The Ups and Downs of Bitcoin Volatility
We are living in a Bitcoin era. And one of the many things that make Bitcoin (BTC) very popular and talked about today is its ever-changing value. Back in its early days, Bitcoin was worth almost nothing and it took a couple of months before it reached the 1 USD mark. But after more than a decade of reigning in the crypto market, Bitcoin hit a skyrocketing price of nearly 65,000 USD this year, which was its all-time-high.
Nowadays there are many cryptocurrencies, in addition to Bitcoin you can easily buy litecoin or xrp and a large number of new coins.
Now, you might be sitting there wondering about what causes the prices to rise and fall when it comes to Bitcoin. But, more importantly, is this volatility a good thing or not? Let’s find out.
The roller coaster ride
Before we go any further, let’s talk through what volatility is for a bit. In the financial world, volatility is the statistical measure of the probability of an asset or security to either soar or dip sharply in a short period of time. The same concept applies to cryptocurrencies, most especially Bitcoin.
Most of the time, the price changes of BTC are highly affected by movements in the market, such as a growing or declining trade volume, among other things. Like other asset classes, investing in crypto comes with potential risks. However, it’s also important to mention that, unlike other assets, Bitcoin is considered among the riskier ones available in the market today.
So what causes its value to fluctuate wildly?

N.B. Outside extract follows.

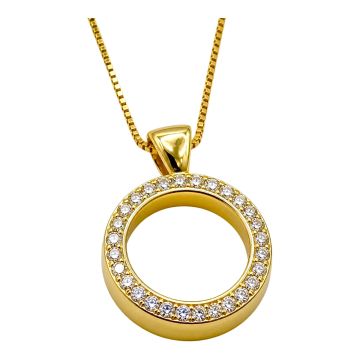 Aparter Kettenanhänger in 585er Gold mit Zirkonia- inkl. Halskette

Here are some of the many factors that affect the roller coaster of Bitcoin’s price:
● The limited supply of 21 million BTC
● The level of its market demand
● The operational cost of mining and acquiring Bitcoin
● The availability of Bitcoin in different crypto exchanges and marketplaces
● The stand of every jurisdiction on Bitcoin use
● The geographical limitations and potential legal requirements or restrictions
● The scalability of its software or forks
Note that the things we’ve included are just some of the most common causes and this list can still go on in the coming years.
The good and the bad of Bitcoin’s volatility
After going through the most common reasons behind BTC fluctuations, let’s take a look, with the help from our friends at Bitcoin Prime, at how they can affect your crypto trading journey.
Local currencies like US dollars and other fiat money are printed and distributed by central banks. This means that the government controls and monitors its flow and movement in the economy. When needed, they can reproduce money and distribute it to their country to stabilize the economy or meet other financial needs. This only means that fiat currencies have a limitless supply.
On the other hand, Bitcoin is capped at 21 million BTC and this limit is among the primary reasons behind its highly fluctuating value. Over 18.74 million BTC is now in circulation and this means that there are only 2.25 million BTC left to be mined. The number of supply highly affects Bitcoin’s price and it can shoot up, especially when the demand surpasses the number of holders willing to sell.
Many traders and investors in the crypto market take advantage of Bitcoin’s volatility to lock in high profits by engaging in different short-term and long-term investment methods. Some investors use the buy-and-hold strategy, where they buy amounts of BTC and hold them for a certain period. On the other hand, many people prefer to buy on dips and sell on peaks—they often wait for BTC’s value to rise before they put it on sale.
Apart from that, BTC’s price surges never fail to make noise in the finance world. Because of this, more and more crypto enthusiasts, personalities from different industries, and financial institutions are getting fascinated by the wonders they hear about Bitcoin. This is one factor that drives them to invest in BTC and try their hands on cryptocurrencies, making Bitcoin adoption and demand to increase.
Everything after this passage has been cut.